Although Harishchandra Kavya (c. 1200 or c. 1225) is Raghavanka's magnum opus, it was rejected by his guru, poet Harihara (or Harisvara). In some ways, Raghavanka's writing surpasses his guru's talent, especially in describing characters in his story. Legend has it that his guru was aghast at Raghavanka Pandita, a devotee of Hindu God Shiva, for writing about ordinary mortals (such as King Harishchandra). According to the same legend, five of Raghavanka's teeth "fell off instantly" for going against his guru's wishes. In order to expiate his sin, he authored five writings eulogising saints, one for each fallen tooth, and the teeth "returned one by one". According to another source, Raghavanka's guru physically abused him, punishing him for wasting his poetic talent in eulogising a mere mortal. These five writings are the Siddharama charitra (or Siddharama Purana), a eulogy of the dynamic and compassionate 12th century Veerashiava saint Siddharama of Sonnalige which brings out a larger-than-life image of the saint in a simple yet stylistic narrative; the Somanatha charitra, a propagandist work which describes the life of saint Somayya (or Adaiah) of Puligere, his humiliation after being lured by the charms of a Jain girl, and his achievement of successfully converting a Jain temple into a Shiva temple; the Viresvara charita, a dramatic story of the blind wrath of a Shaiva warrior Virabhadra; the Hariharamahatva, a eulogy of Harisvara of Hampi, and Sarabha charitra, the last two works now considered lost.

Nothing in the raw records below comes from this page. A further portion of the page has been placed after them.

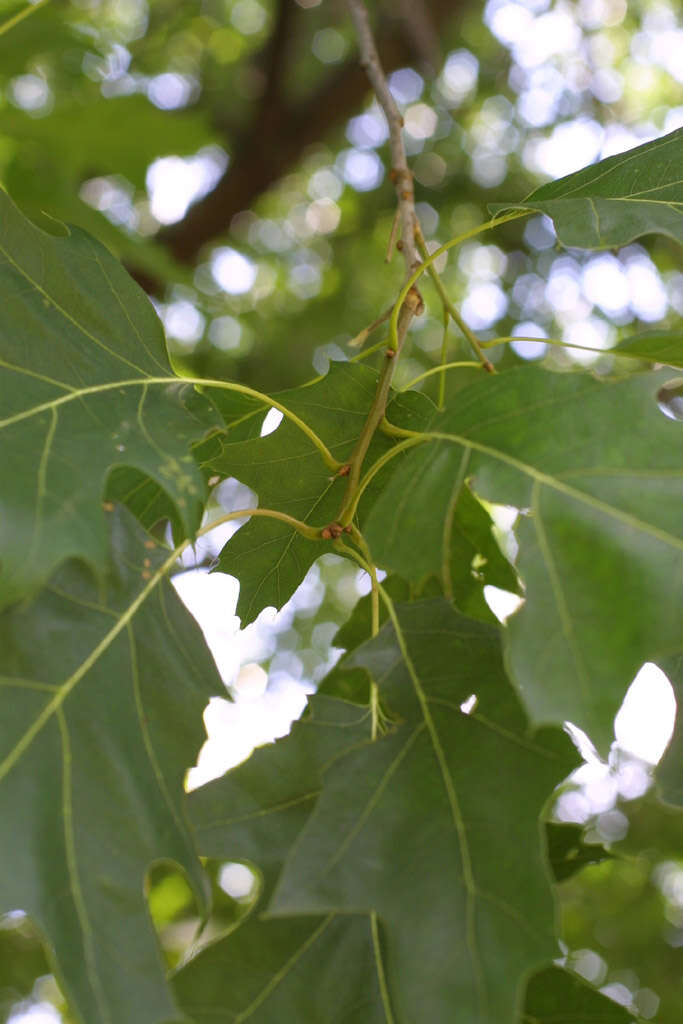 Image of Northern Red Oak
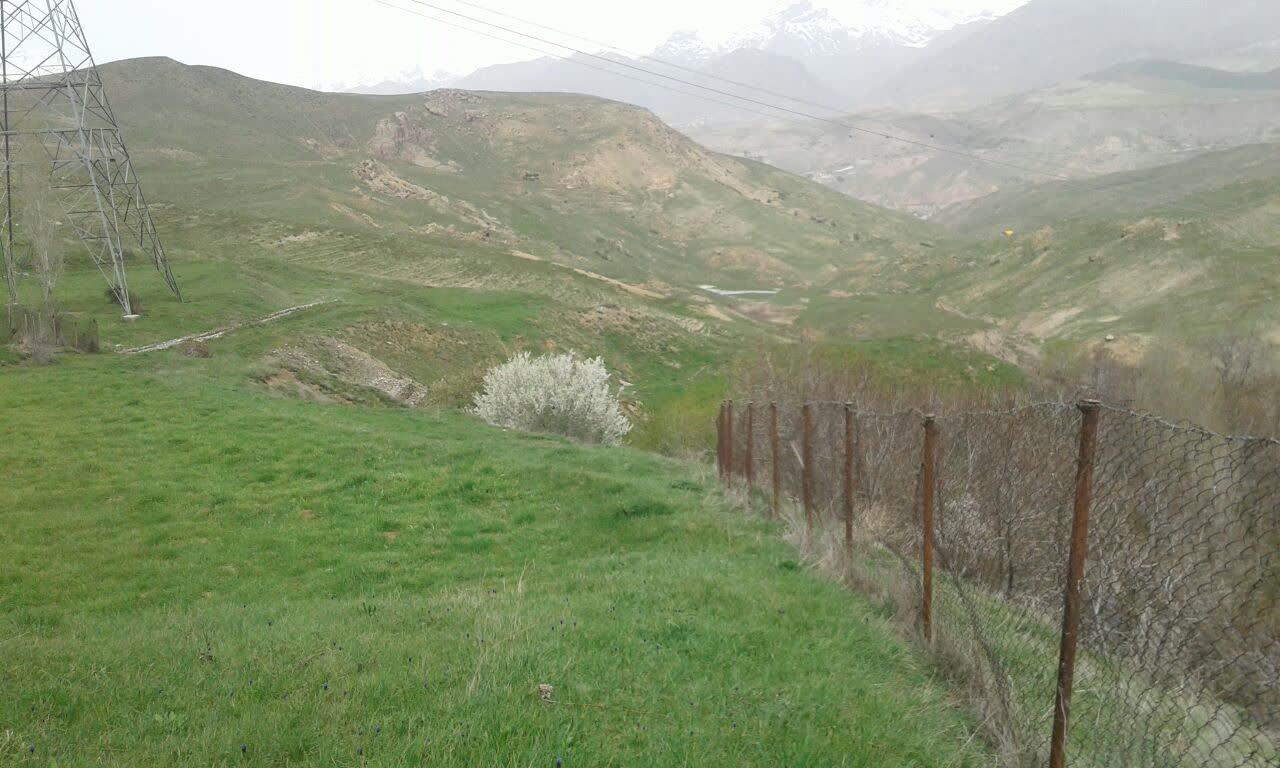 تصاویری از طبیعت بهاری در طالقان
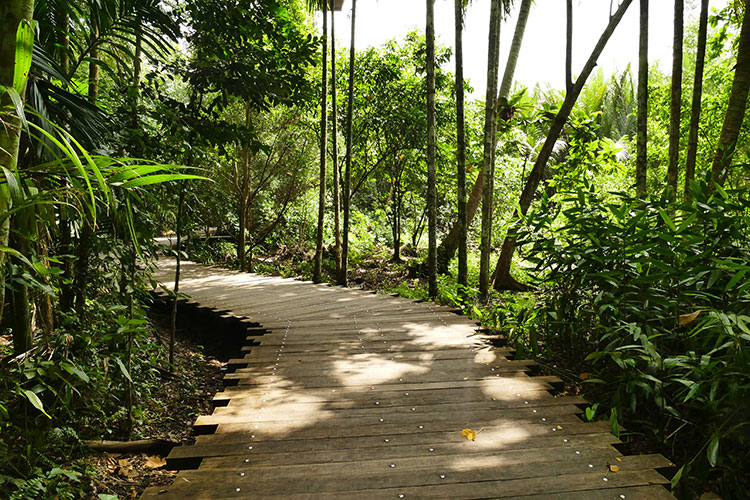 Hier wandert ihr durch dichte Mangrovenwälder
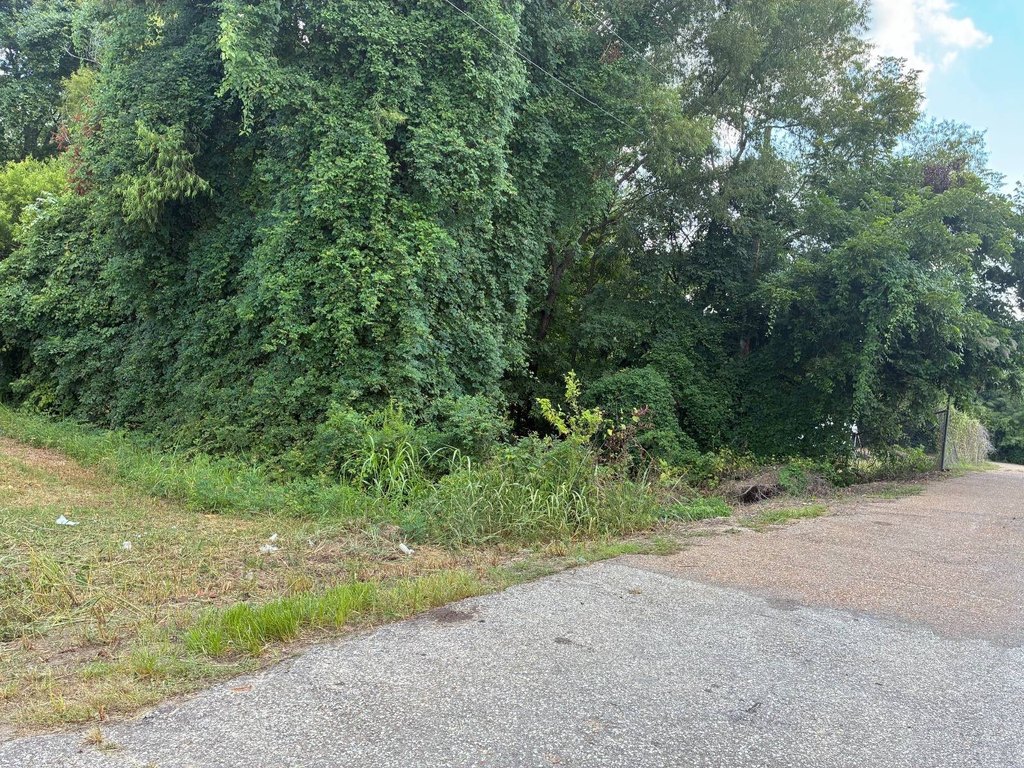 Picture 6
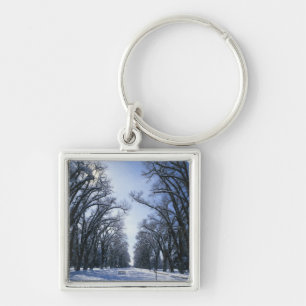 USA, Utah, Salt Lake City, Liberty Park, Keychain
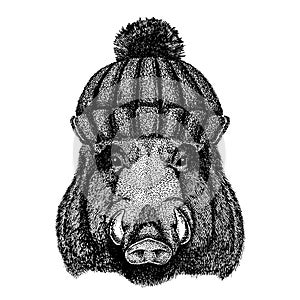 Wild hog, pig, boar, aper Cool animal wearing knitted winter hat. Warm headdress beanie Christmas cap for tattoo, t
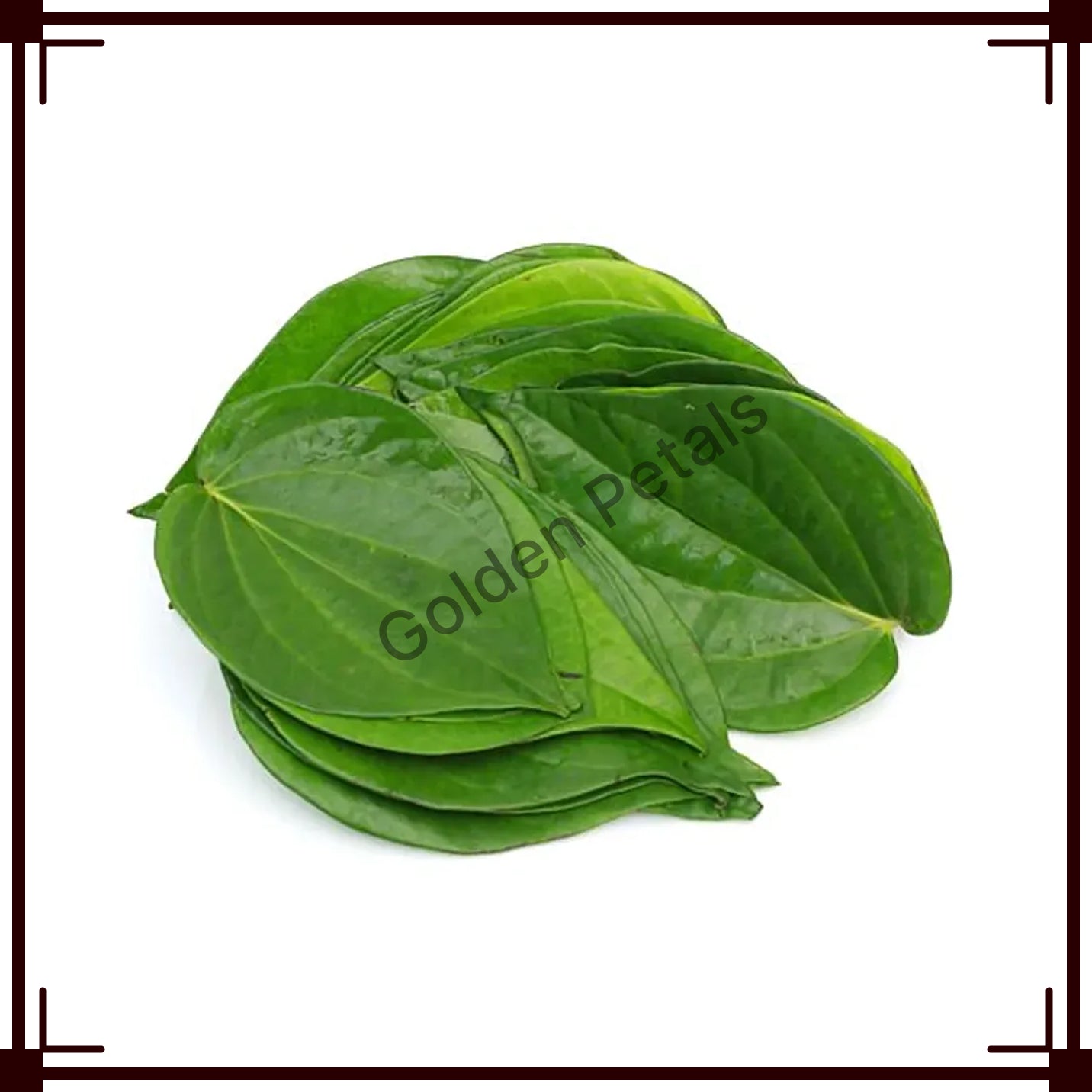 Indian Betel Leaves (GP-FL-BLE-010)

===Harishchandra Kavya ===
In the Harishchandra Kavya, Raghavanka brings out the clash of personalities with lively dialogues; between sage Vishvamitra and sage Vashishta, between Harishchandra and Vishvamitra and between Harishchandra and the "unreal" girls ("dancing girls"). Also narrated is Harishchandra's fidelity to truth against all odds and the redemption of Harishchandra after being rescued by an untouchable he had once rejected. According to professor L. S. Sheshagiri Rao of the Sahitya Akademi, in no other language has the story of King Harishchandra been dealt with this interpretation. The writing is original both in tradition and inspiration fully utilizing the potential of the shatpadi metre. One piece of elegiac verse, written in the mandanila ragele metre (rhymed couplets) is the mourning of Chandramati over the death of her young son Lohitashva from snake bite, while gathering firewood for his Brahmin taskmaster. The poem has remained popular for centuries and is recited by Gamakis (narration of story accompanied by music).